**Exercise aim**
Using the data below, return word for word every line from the one holding "Großhandel Damen Bluse" down to the one holding "Sienas plaukts TRIO 65x161 cm melns". Leave pictures out.

##### Data under study #####

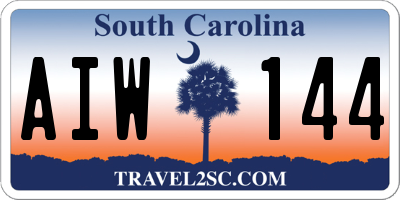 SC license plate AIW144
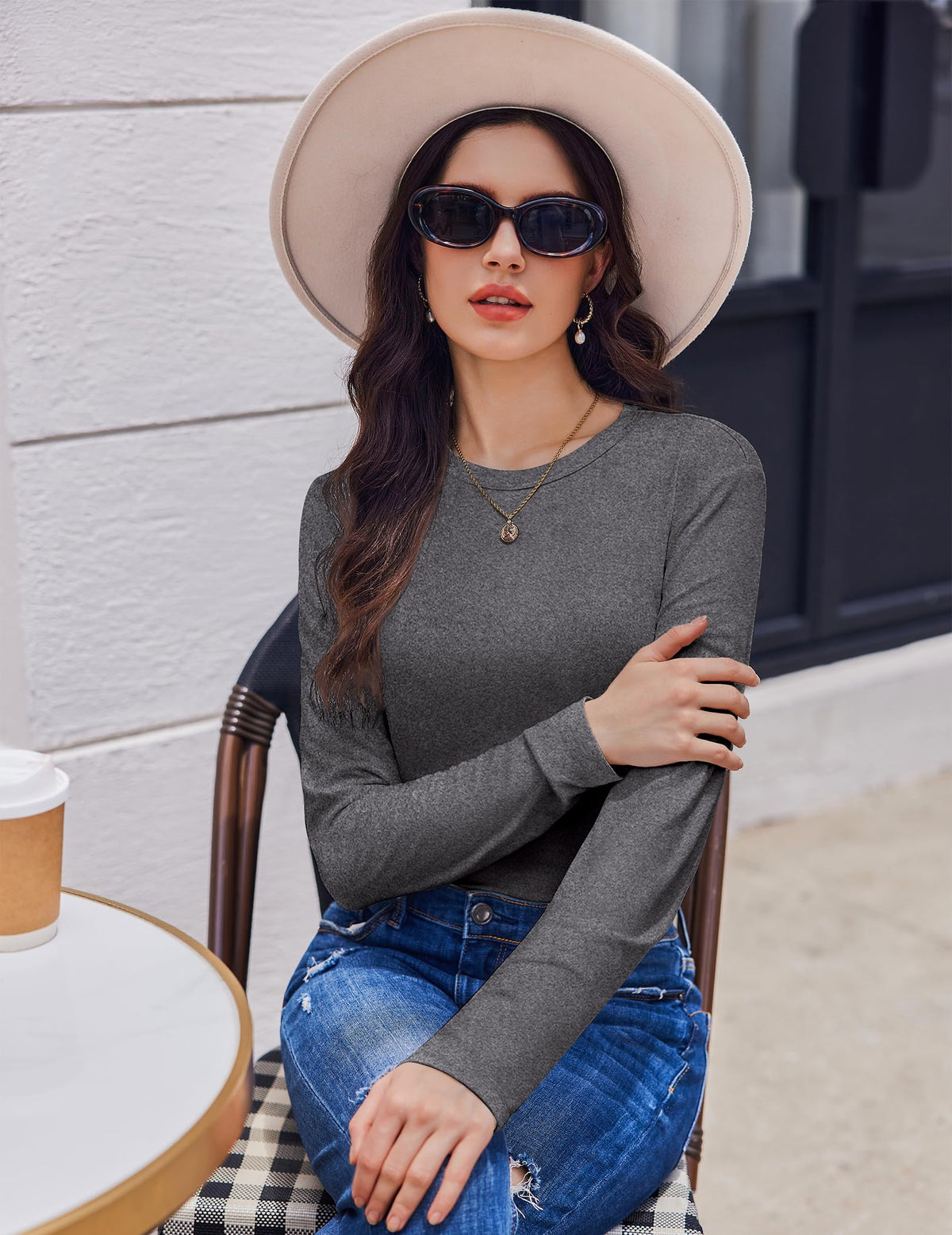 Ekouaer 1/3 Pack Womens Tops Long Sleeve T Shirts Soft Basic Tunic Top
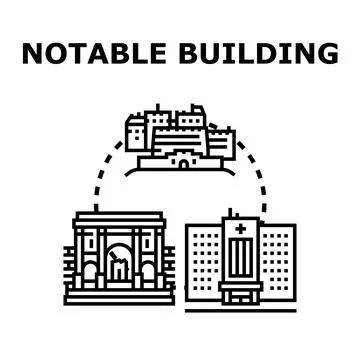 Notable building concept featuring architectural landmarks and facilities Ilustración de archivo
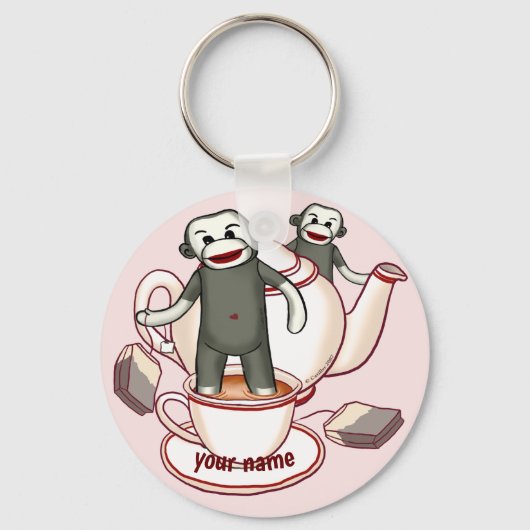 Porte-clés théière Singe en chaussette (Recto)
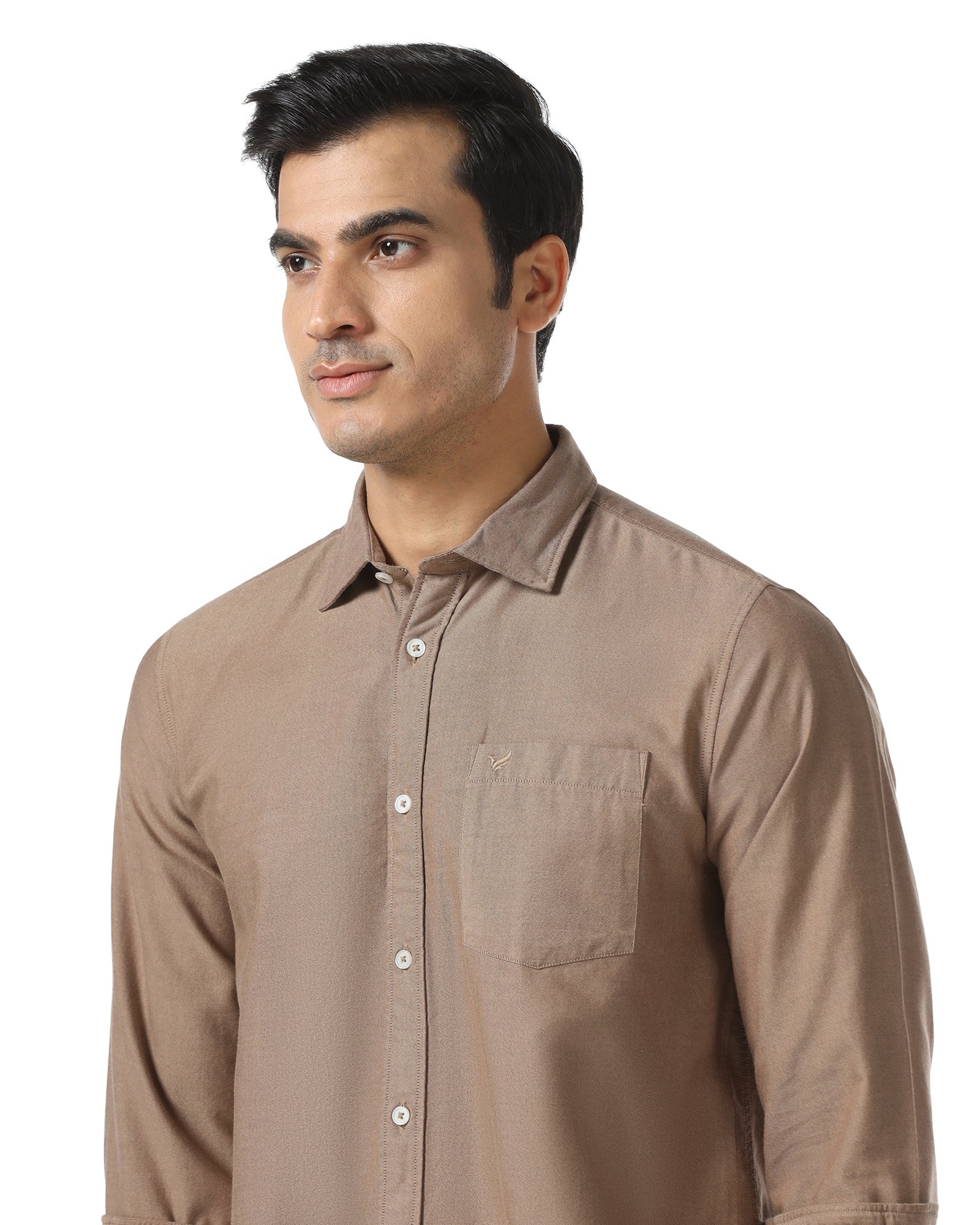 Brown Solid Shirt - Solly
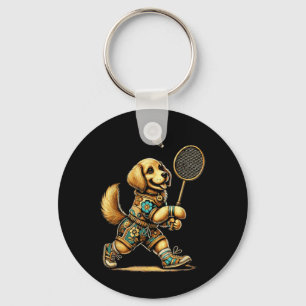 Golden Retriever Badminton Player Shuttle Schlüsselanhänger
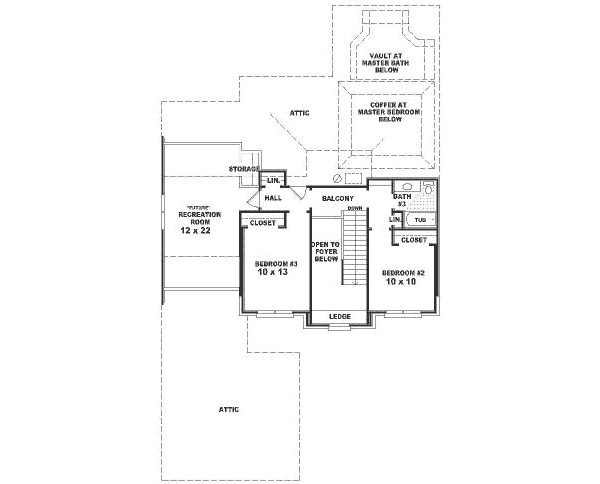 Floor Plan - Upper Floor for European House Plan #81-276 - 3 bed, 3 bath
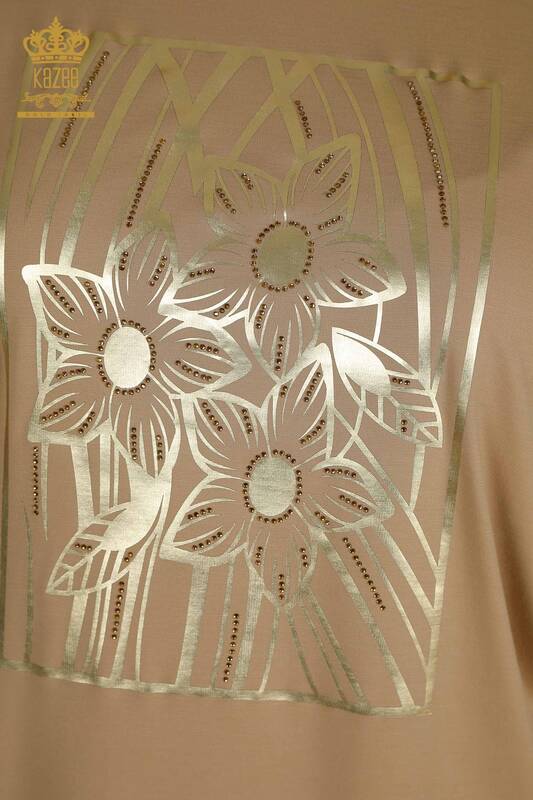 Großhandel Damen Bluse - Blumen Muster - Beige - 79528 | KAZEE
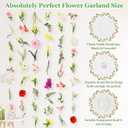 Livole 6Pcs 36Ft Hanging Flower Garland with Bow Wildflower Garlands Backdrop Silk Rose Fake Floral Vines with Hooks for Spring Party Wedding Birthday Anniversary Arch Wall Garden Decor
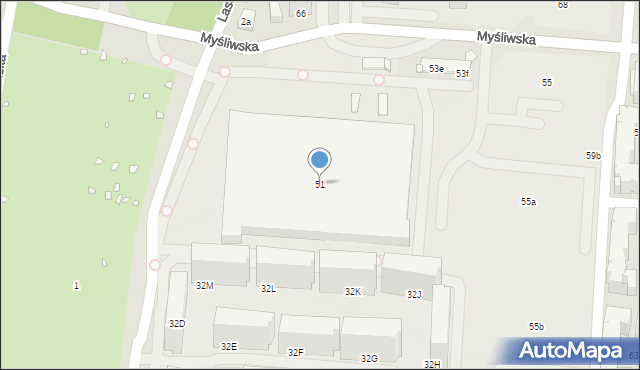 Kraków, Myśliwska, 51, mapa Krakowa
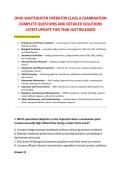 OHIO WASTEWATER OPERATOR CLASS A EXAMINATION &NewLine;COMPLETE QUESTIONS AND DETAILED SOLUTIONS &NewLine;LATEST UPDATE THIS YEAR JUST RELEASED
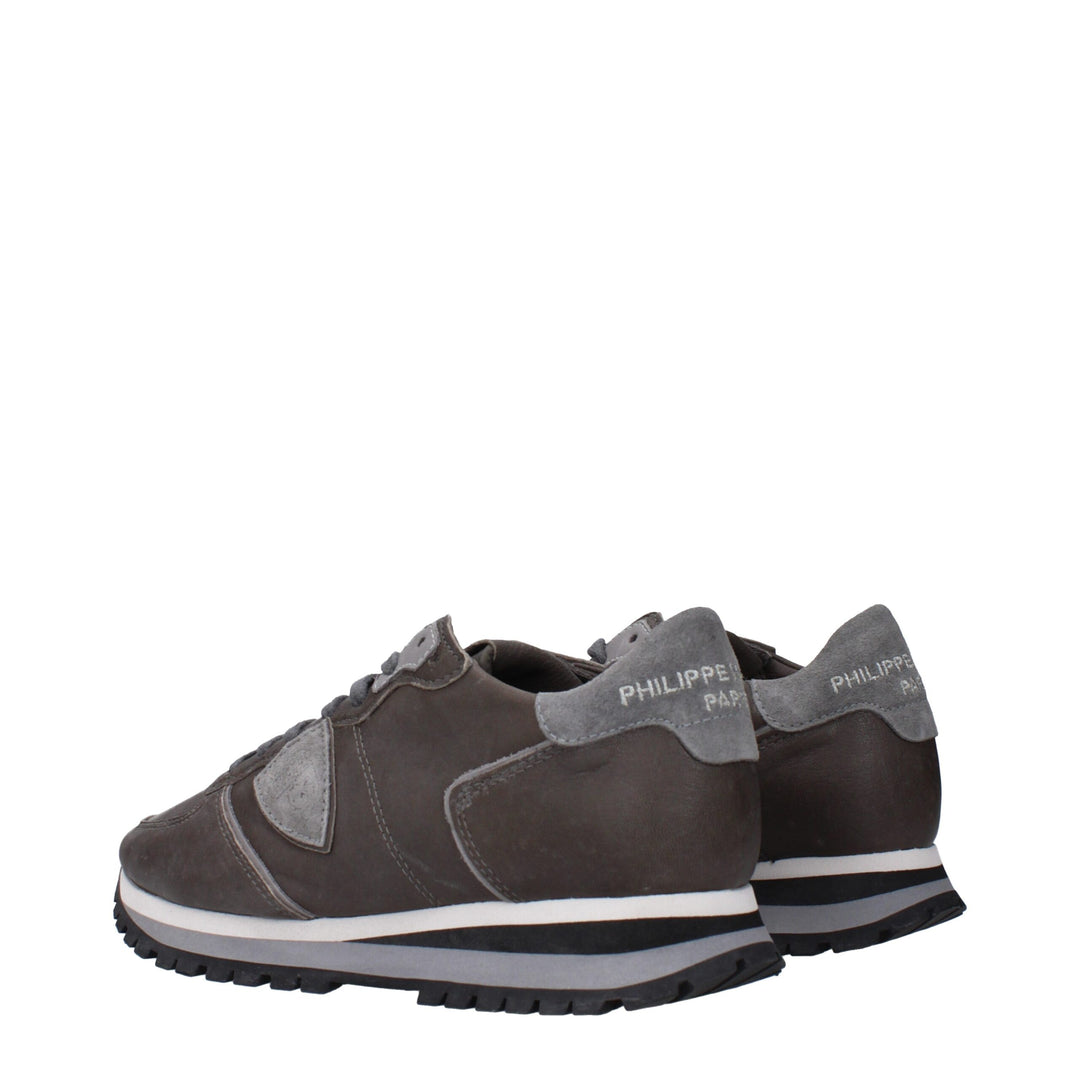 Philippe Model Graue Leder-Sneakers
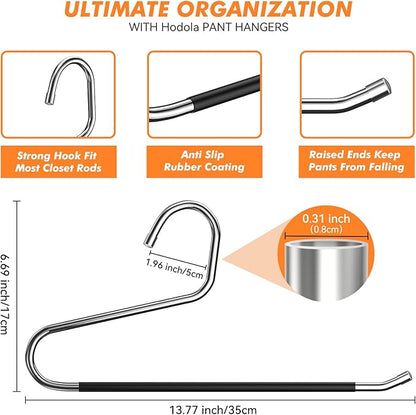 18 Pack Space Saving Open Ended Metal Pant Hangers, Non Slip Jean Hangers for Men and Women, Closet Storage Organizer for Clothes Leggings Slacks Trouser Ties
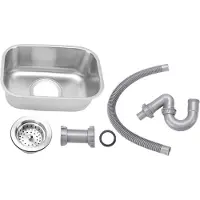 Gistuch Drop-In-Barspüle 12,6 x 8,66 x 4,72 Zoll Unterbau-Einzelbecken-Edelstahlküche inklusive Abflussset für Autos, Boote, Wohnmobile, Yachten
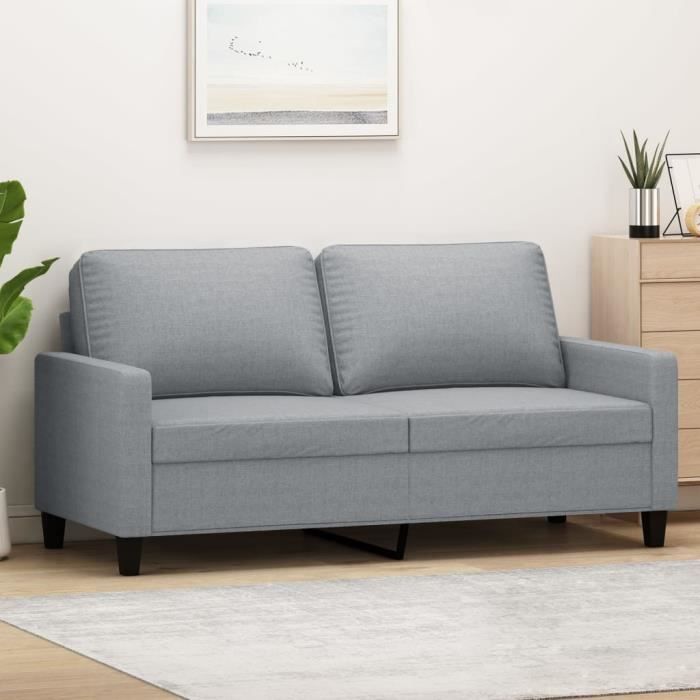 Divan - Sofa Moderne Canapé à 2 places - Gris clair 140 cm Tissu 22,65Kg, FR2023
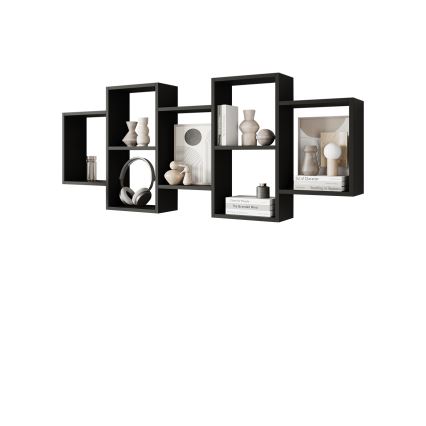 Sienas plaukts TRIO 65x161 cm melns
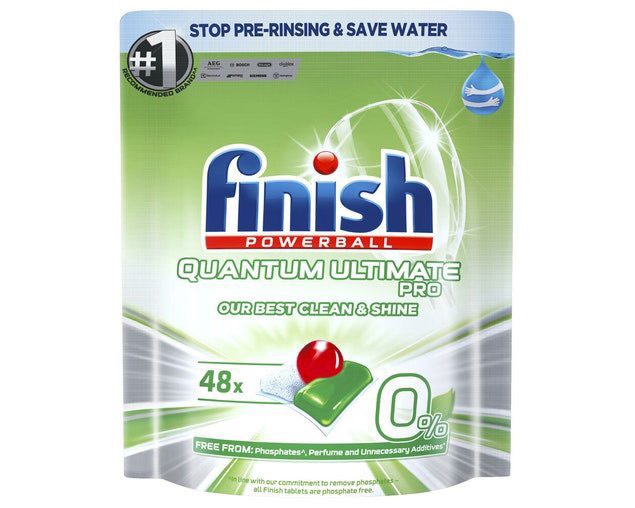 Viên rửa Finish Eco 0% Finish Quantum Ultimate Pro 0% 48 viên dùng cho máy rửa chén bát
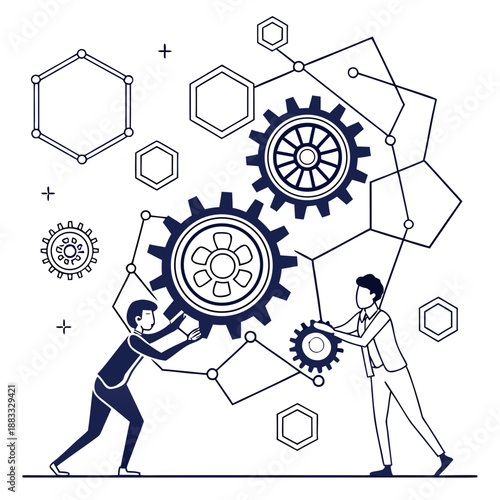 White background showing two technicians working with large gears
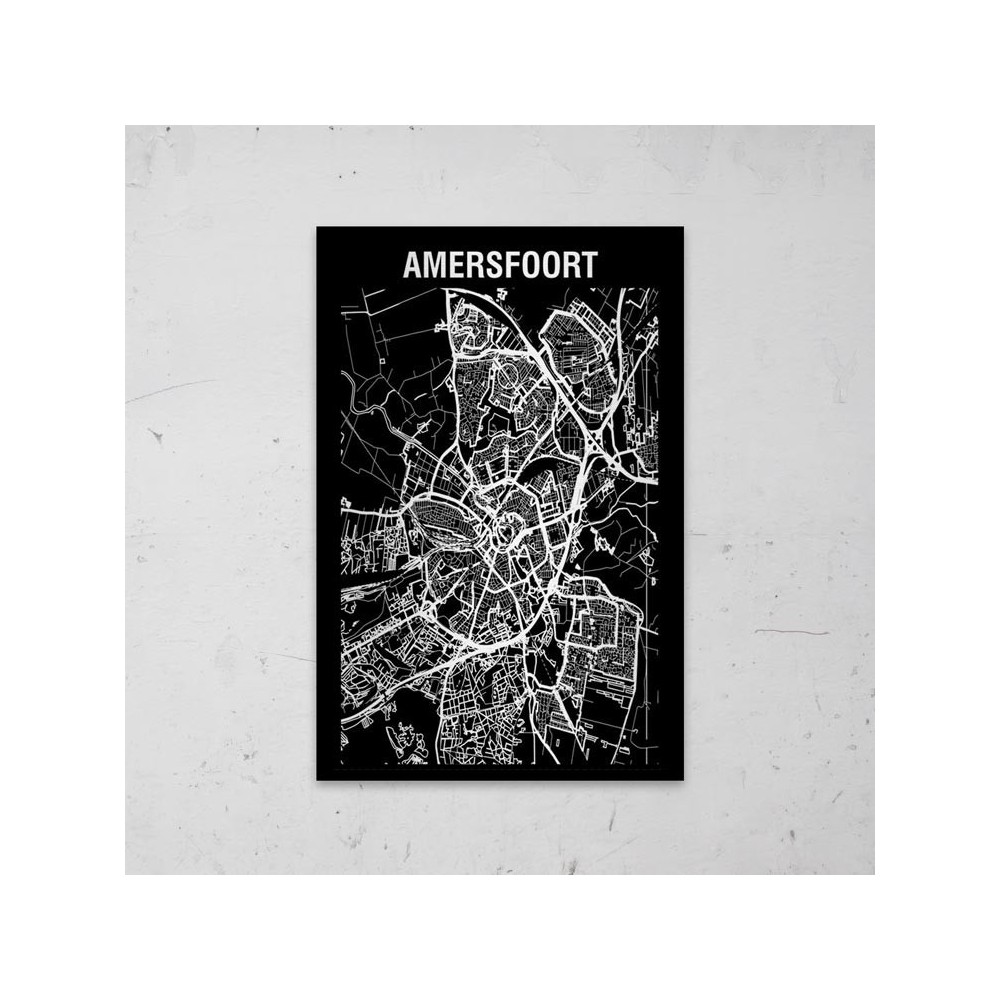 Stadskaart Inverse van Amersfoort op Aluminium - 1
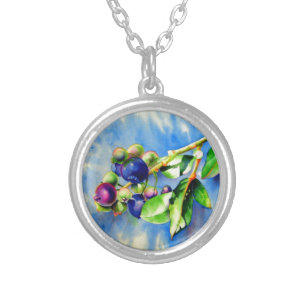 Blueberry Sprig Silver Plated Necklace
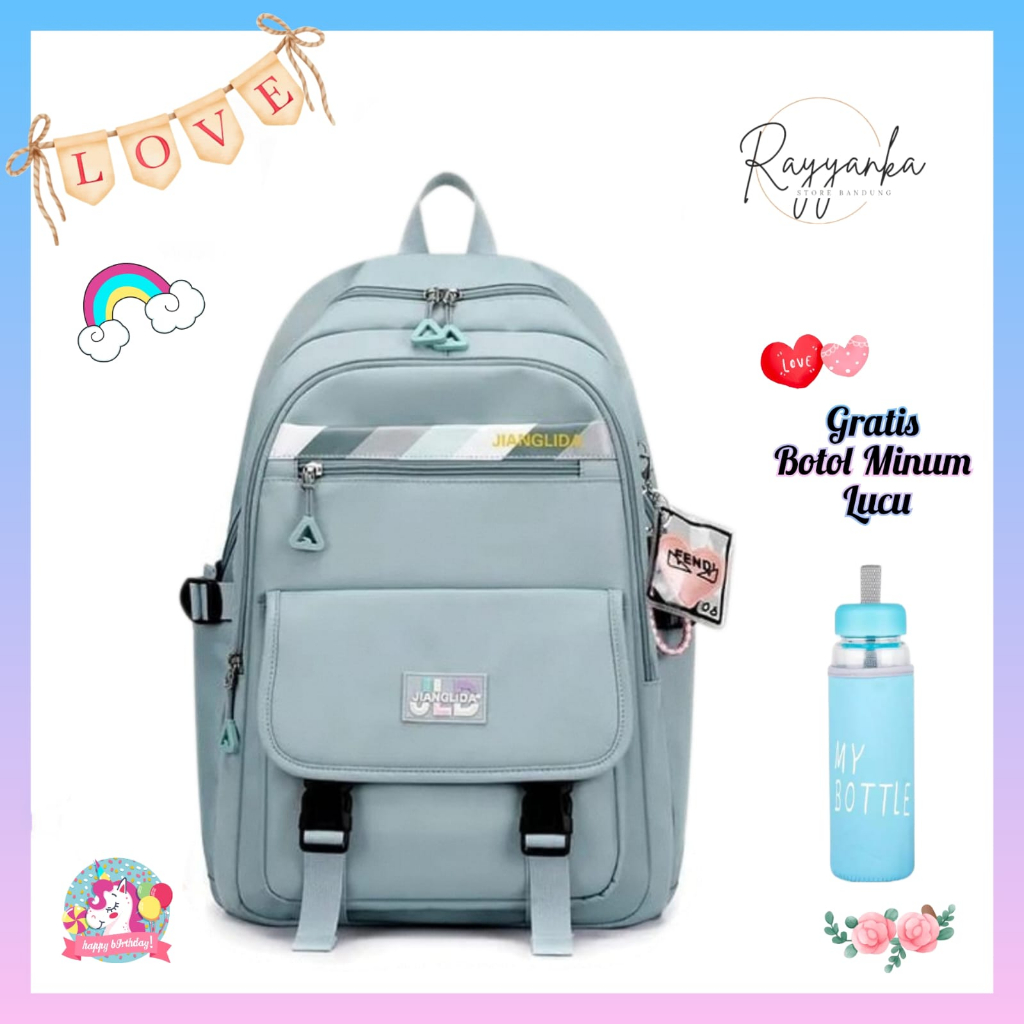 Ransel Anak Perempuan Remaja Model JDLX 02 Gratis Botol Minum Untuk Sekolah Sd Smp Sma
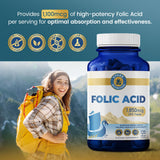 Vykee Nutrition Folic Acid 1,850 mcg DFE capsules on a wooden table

#####

**Output below**
 Großhandel Damen Bluse - Blumen Muster - Beige - 79528 | KAZEE
 Livole 6Pcs 36Ft Hanging Flower Garland with Bow Wildflower Garlands Backdrop Silk Rose Fake Floral Vines with Hooks for Spring Party Wedding Birthday Anniversary Arch Wall Garden Decor
 Kraków, Myśliwska, 51, mapa Krakowa
 OHIO WASTEWATER OPERATOR CLASS A EXAMINATION &NewLine;COMPLETE QUESTIONS AND DETAILED SOLUTIONS &NewLine;LATEST UPDATE THIS YEAR JUST RELEASED
 Philippe Model Graue Leder-Sneakers
 18 Pack Space Saving Open Ended Metal Pant Hangers, Non Slip Jean Hangers for Men and Women, Closet Storage Organizer for Clothes Leggings Slacks Trouser Ties
 Gistuch Drop-In-Barspüle 12,6 x 8,66 x 4,72 Zoll Unterbau-Einzelbecken-Edelstahlküche inklusive Abflussset für Autos, Boote, Wohnmobile, Yachten
 Divan - Sofa Moderne Canapé à 2 places - Gris clair 140 cm Tissu 22,65Kg, FR2023
 Sienas plaukts TRIO 65x161 cm melns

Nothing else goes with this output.